Universel travail des cerveaux et des mains,
Fais jaillir de la mort la vie et la jeunesse ;
Fais-nous un généreux printemps plein de promesse,
Pour nous et nos frères humains 
Maurice Bouchor![1]

 

Le mouvement ouvrier socialiste, comme l’ensemble des mouvements sociaux, publie et diffuse, depuis le milieu du 19e siècle, quantité de petites brochures thématiques qui forment au final une collection. Elles abordent tous les sujets et servent souvent de support aux conférences, aux cours donnés aux militants, dans les maisons du peuple, dans les universités populaires, etc. De cette façon, les militants ont l’occasion de s’approprier des thématiques utiles pour la lutte sociale.

Les plus connues parmi ces brochures sont sans conteste les « Catéchismes syndicaux » dont le plus célèbre est celui d’Alfred Dufuisseaux[2]. Le CARHOP possède diverses séries de ces publications socialistes, dont la revue L’Églantine qui fait l’objet des lignes qui suivent.

L’Églantine ?

L’églantine est la fleur de l’églantier, un arbuste épineux de 2 à 3 mètres de hauteur qui se développe au bord des pâtures et dans les taillis. Cette espèce, beaucoup plus répandue autrefois, lorsque la campagne était parsemée de haies, se distingue par une floraison de mai à juillet. Cet arbuste (en botanique : Rosa canina), de la famille des rosacées, s’appelle également « rosier sauvage », « églantine blanche » et « rosier des chiens ». Ce dernier surnom s’explique par le fait que, dans l’Antiquité, ses racines étaient utilisées pour soigner la rage des chiens ! On connait aussi le fruit de l’églantier : le cynorrhodon qui a, paraît-il, une haute teneur en vitamines.

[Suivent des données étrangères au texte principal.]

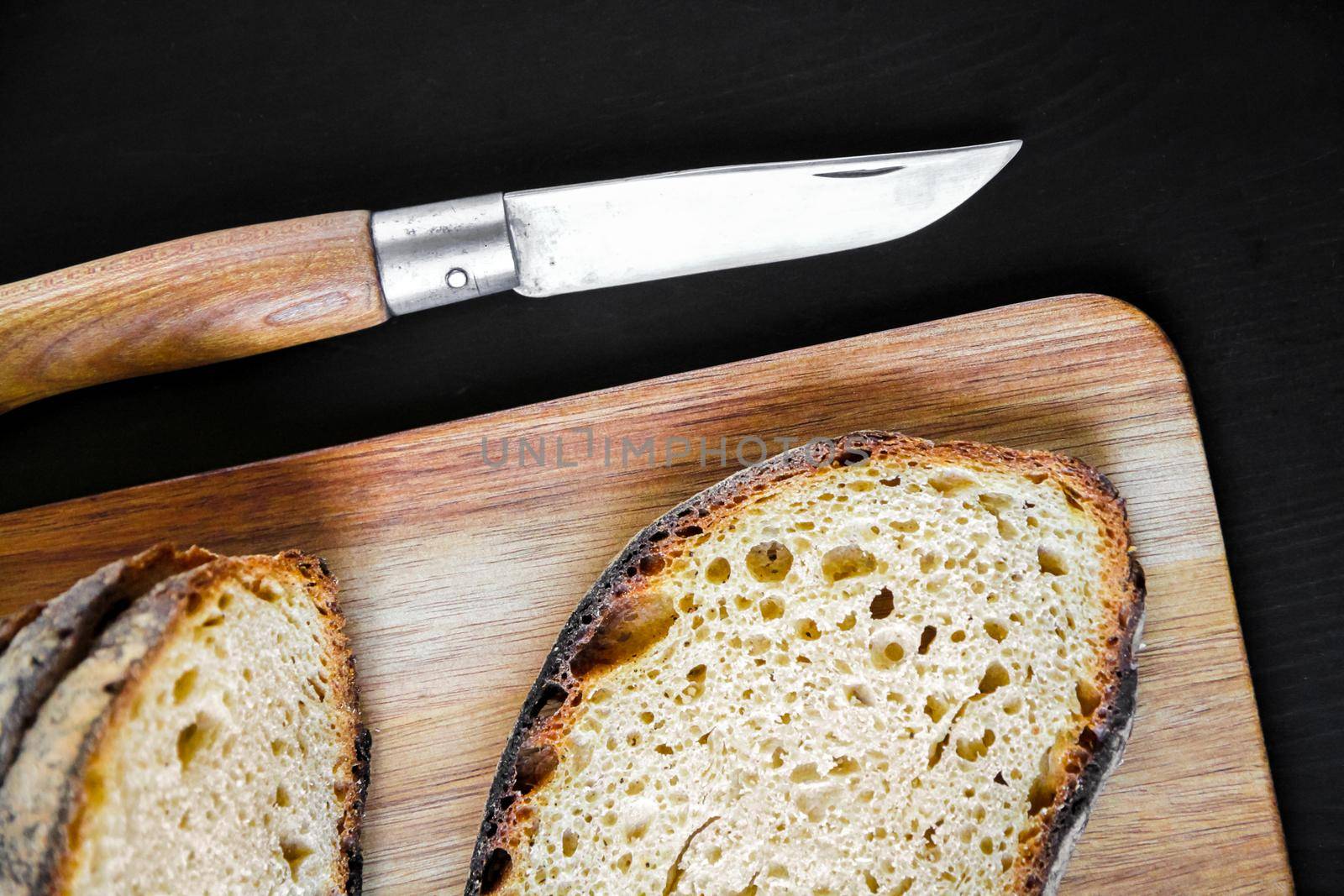 Traditional French country bread slices and pocket knife on a wooden cutting board. Top view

L’églantine rouge a longtemps servi d’insigne aux socialistes et aux communistes. Elle avait déjà servi de symbole durant la Révolution française. À partir du milieu du 20e siècle, le parti socialiste utilise le symbole de la rose rouge brandie dans un poing serré. Cette fleur a également été concurrencée par le muguet, symbole du 1er mai, qui a l’avantage de fleurir à cette période de l’année… Par contre et pour en terminer avec ces évocations botaniques, les socialistes italiens ont utilisé l’œillet rouge comme emblème.

Progression du mouvement socialiste durant l’Entre-deux-guerres

Avec la fin de la Première Guerre mondiale, on assiste à un gonflement des effectifs socialistes. Du point de vue syndical par exemple, alors que le mouvement compte 100 000 affiliés en 1914, le demi-million est largement atteint en 1919. Cette importante progression accentue le rôle de la Centrale d’éducation ouvrière (CEO) en matière de formation militante. Créée en 1911 par le Parti ouvrier belge (POB), elle a « pour but d’organiser et de coordonner l’activité de toutes les œuvres d’éducation ouvrière (…) et de procurer aux travailleurs les connaissances et les qualités qui les mettent le mieux en état de mener la lutte pour leur émancipation comme classe dans tous les domaines. »[3]

Deux autres éléments expliquent le développement du travail éducatif du POB : la diminution du temps de travail, grâce en particulier à la loi sur la journée de 8 heures votée en 1921, qui ouvre des disponibilités de temps et donc de nouvelles possibilités éducatives et culturelles, et la participation du POB à divers niveaux de pouvoir, depuis les communes jusqu’au gouvernement national. Les formations syndicales se spécialisent. L’accroissement des responsabilités dans la vie économique et sociale au niveau des entreprises le justifie. La mise en place des commissions paritaires (1919) ou la création de la Conférence nationale du travail (1936) imposent un effort plus pointu de formation.